Lately, however, a new mood seems discernible, particularly in the House of Lords, which sees “certainty” as a clearer, and perhaps more desirable, objective and this has led to a return to a stricter approach, especially in relation to time clauses.
This article comes in two sections. First, a reconsideration of the construction of terms over the past few years, looking in particular at two House of Lords’ decisions, Bunge Corp. v. Tradax Export S.A.2 and The Chikuma.3 Secondly, it deals with the question of time clauses in contracts and whether they are or should be dealt with differently than other terms. Within this context we discuss the current state of the law in this area, how this reflects judicial attitudes to commercial contracts and whether, in the authors’ opinions, these attitudes are the correct ones.
INTRODUCTION
Conditions and Warranties
Two decades have elapsed since Lord Justice Diplock “pointed out” that the traditional dichotomy of conditions and warranties did not produce exclusive categories.4 So-called innominate terms were discovered. In a sense they had always been there. The two-fold division of terms had been enshrined in the Sale of Goods Act. Sir Mackenzie Chalmers, the draftsman of that statute, which was intended to codify the common law of sale, expressly divided terms into two categories, conditions and warranties.5 The question of whether a breach of contract would justify recission was to be determined by the nature of the term broken.
1 Hongkong Fir Shipping Ltd. v. Kawasaki Kisen Kaisha Ltd. [1961] 2 Lloyd’s Rep. 478, [1962] 2 Q.B. 26.
2 [1981] 2 Lloyd’s Rep. 1, [1981] 2 All E.R. 513.

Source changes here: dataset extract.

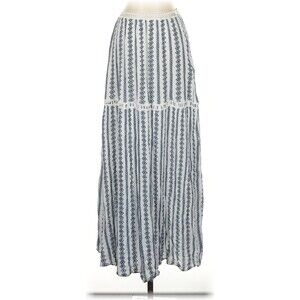 L'Atiste By Amy Womens Small Skirt Boho Blue Long Tiered Geometric Aztec South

3 [1981] 1 Lloyd’s Rep. 371.
A/S Awilco v. Fulvia S.p.A. di Navigazione [1981] 1 All E.R. 652
4 The Hongkong Fir, supra f.n. 1.
5 A “warranty”, was defined, in the interpretation section, as “collateral to the main purpose of a contract, the breach of which gave rise to a claim to damages, but not a right to reject the goods and treat the contract as repudiated”. On the other hand, “condition” was not defined, but was to depend in each case on the construction of the contract.